Никто не отзывается.

Патронный ящик открыт. Генрих подходит и видит, что он пуст. Однако все зовет и зовет:

— Рокфеллер! Рокфеллер!

Уже собираясь уходить, Генрих подходит к кирпичной стене и вынимает известный ему кирпич. И вдруг у него в руке оказывается… доллар!

Генрих даже вздрагивает.

Он снова кладет доллар на место, задвигает кирпичом и потом выбирается через узкую дыру на волю.

Стучат колеса. Рельсы блестят в ночи. Небо усыпано тысячью разноцветных звезд.

В Данневальде поезд опять долго стоит.

«Понимаешь, Отвин, человек должен всегда стремиться к добру».

Или:

«И еще я хотел тебе сказать, Отвин: испанец вернулся, но только ты никому не говори. Знаешь, Отвин, тот испанец, что раньше у кузнеца работал… Нет, Отвин, он уже больше месяца у нас. Дедушка Комарек не очень его любит. А я их обоих люблю, Отвин, и испанца и дедушку Комарека».

Раздается свисток, и поезд наконец трогается.

На Генрихе — кошачья телогрейка, достающая ему до колен. Подпоясался он толстой веревкой. Стук колес нарастает. Генрих старается говорить громче, как он это делал, когда разговаривал с Отвином — Отвин же сидит на соседнем буфере…

«Понимаешь, Отвин, я не думаю. Если б это было так, он бы доллар с собой взял».

В рюкзаке Генриха лежат: рыбацкая нить, четыре рождественские свечи и маленький фунтик изюма. А для испанца он везет металлическую пряжку для пояса. Он давно заметил, что старая пряжка лопнула.

А вот что он подарит дедушке Комареку, он никак не может решить. «Что, если тайком вырезать большую рыбацкую иглу?» — думает он.

32

До чего интересно все было!

На следующий день они сходили за елкой: к вечеру должна была прийти фрау Кирш — печь рождественский пирог.

Генрих побежал в деревню. Подходя к бывшей прачечной, он услышал чужие голоса и уж подумал, не спрятать ли рыбу в снегу. А когда открыл дверь, фрау Пувалевски набросилась на него чуть ли не с кулаками: немедленно, мол, дверь закрывай!

— Вы заболели, фрау Кирш? — спросил он, подходя к кровати, и вдруг увидел на подушках узелок и в узелке — что-то живое… И такое маленькое, и такое сморщенное… И два глазика выглядывают из узелка!

— Это ваш ребенок, фрау Кирш? — только и успел он спросить, как фрау Пувалевски, отобрав у него рыбу, уже выпроводила его за дверь.

— Ночью сегодня, говоришь?

— Да, сегодня ночью он родился на свет, — говорит Генрих, — маленький, сморщенный.

Вот так событие!
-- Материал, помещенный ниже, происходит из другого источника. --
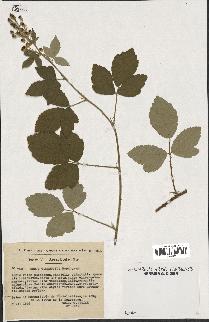 spécimen de Rubus tomentosus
Испанец, приподнявшись, сидит на своей лежанке. Втроем они до самого вечера ни о чем другом не говорят, как о ребенке, родившемся на свет.

Накануне пришло письмо. На конверте большими буквами написано: «Престолонаследнику Генриху Хаберману. Гросс-Пельцкулен». Почтальон, войдя в дом, спросил:

— Где у вас тут престолонаследник проживает?
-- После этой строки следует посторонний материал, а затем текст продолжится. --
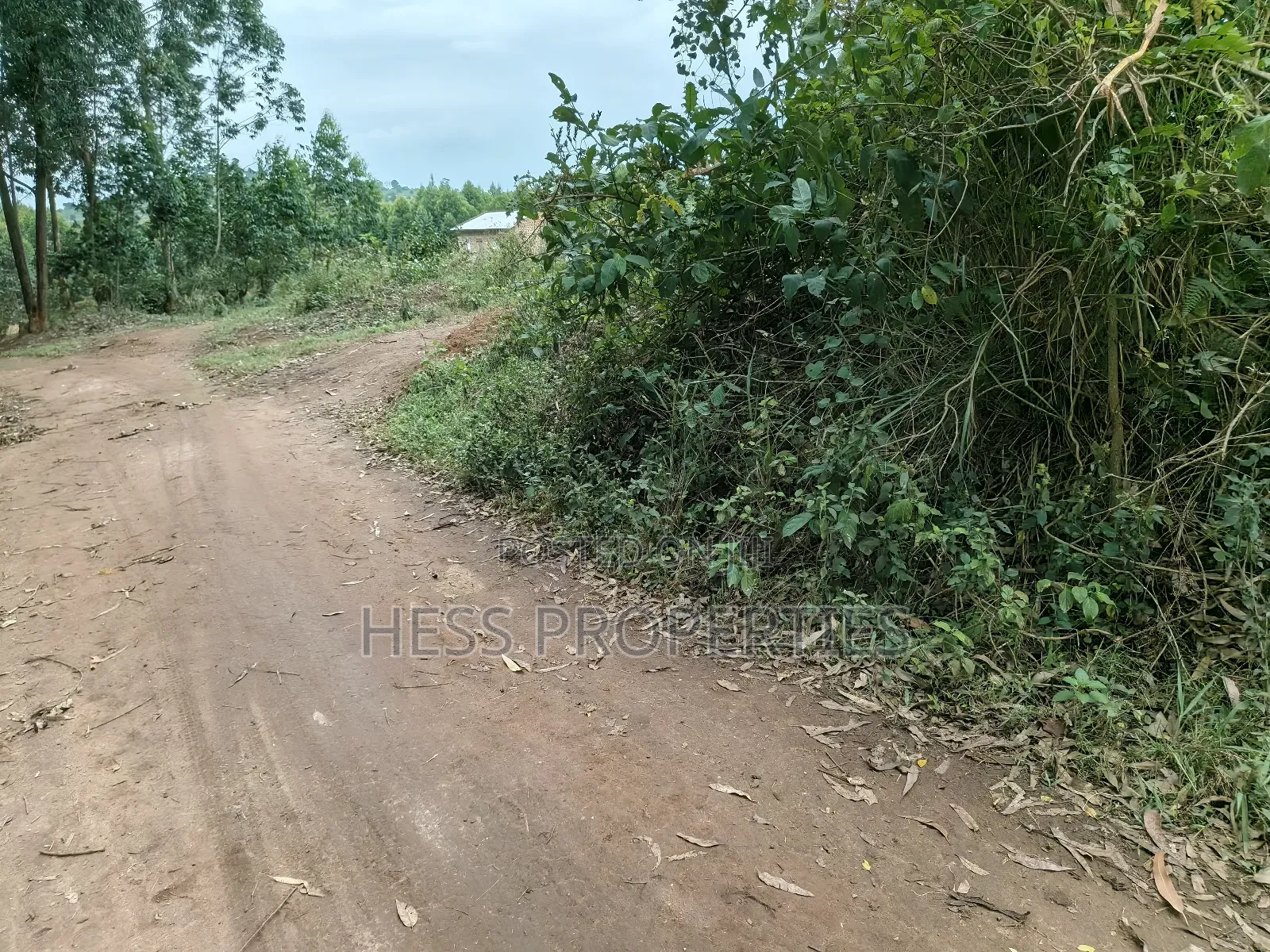10.5acres of Land on Sale Located in Kirinda-Kyarusozi in Kyenjojo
Из конверта выпала банкнота. Дедушка Комарек нацепил очки, сам Генрих не мог разобрать витиеватые завитушки.

— «Сын мой! Единственный мой наследник и преемник!» — читал Комарек.

Письмо выдержано в чрезвычайно торжественном тоне. Так и видишь, как толстяк Ошкенат, наклонясь вперед, макает перо в чернильницу. А в словах и предложениях слышится его громовой голос. Рядом с чернильницей стоит плоская охотничья фляга, и Ошкенат время от времени откидывается назад, прикладывается к фляге, смахивает набежавшую слезу и пишет дальше: «А ты помнишь, сын мой Генрих, помнишь, как мы с тобой ехали по Роминтской пустоши в Счинкунен? А то и во Флинценкруг».
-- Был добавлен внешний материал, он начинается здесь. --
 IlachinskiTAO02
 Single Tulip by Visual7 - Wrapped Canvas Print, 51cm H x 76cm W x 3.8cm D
Оказывается, у Ошкената побывала с визитом мадам Сагорайт, передала привет. «Ах, блудный ты сын мой, что только не довелось тебе перенести!» Ошкенат немедленно взял мадам Сагорайт к себе на службу. Есть господь бог, есть, но пути его неисповедимы! «Немедля бросай все, сын мой! Садись на первый же поезд, следующий в Вупперталь. Если тебе очень хочется, то можешь прихватить с собой и старого ворчуна. Я приобрел озеро. И скажи Комареку, что я не помню ему зла. И если меня спросить, я поставлю его старшим смотрителем озера. А водоемчик этот, Генрих, заманчивый!..» Перечитывает Ошкенат написанное, прикладывается к фляге, снова макает перо: «…и мы снова будем вместе, сын мой, и, быть может, уже в сочельник. Обнимаю тебя с отеческой любовью. Твой Ошкенат».

И приписка: «А по-французски ты еще умеешь говорить, Генрих?»

Комарек положил письмо рядом с банкнотой.

Долго все они молчат.

— Это отец твой? — спросил наконец испанец.

— Никакой не отец.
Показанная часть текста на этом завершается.